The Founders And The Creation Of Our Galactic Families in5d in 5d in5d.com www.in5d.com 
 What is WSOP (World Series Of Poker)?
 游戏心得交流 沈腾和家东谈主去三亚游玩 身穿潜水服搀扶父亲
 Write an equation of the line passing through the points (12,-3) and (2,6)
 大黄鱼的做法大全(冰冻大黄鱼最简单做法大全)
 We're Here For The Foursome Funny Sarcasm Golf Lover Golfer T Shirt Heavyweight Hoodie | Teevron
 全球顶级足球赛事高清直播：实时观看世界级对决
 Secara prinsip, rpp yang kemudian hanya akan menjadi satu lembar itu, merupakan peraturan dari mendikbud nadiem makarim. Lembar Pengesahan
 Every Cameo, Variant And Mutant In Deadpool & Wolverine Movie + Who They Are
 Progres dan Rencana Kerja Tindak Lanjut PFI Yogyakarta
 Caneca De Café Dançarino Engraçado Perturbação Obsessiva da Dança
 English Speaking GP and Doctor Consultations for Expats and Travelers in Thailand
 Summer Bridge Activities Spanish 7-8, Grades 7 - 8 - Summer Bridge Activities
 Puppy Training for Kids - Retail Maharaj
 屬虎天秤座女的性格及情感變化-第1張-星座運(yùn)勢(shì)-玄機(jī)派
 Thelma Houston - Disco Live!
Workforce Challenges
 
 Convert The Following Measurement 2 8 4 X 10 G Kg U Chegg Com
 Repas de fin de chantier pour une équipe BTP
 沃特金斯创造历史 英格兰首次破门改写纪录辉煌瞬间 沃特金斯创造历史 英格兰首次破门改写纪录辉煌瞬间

= = =

■ What is required
The answer must contain only the lines from the one with "Repas de fin de chantier pour une équipe BTP" to the end of the entries above, each written out exactly.

■ Response to this task
 Repas de fin de chantier pour une équipe BTP
 沃特金斯创造历史 英格兰首次破门改写纪录辉煌瞬间 沃特金斯创造历史 英格兰首次破门改写纪录辉煌瞬间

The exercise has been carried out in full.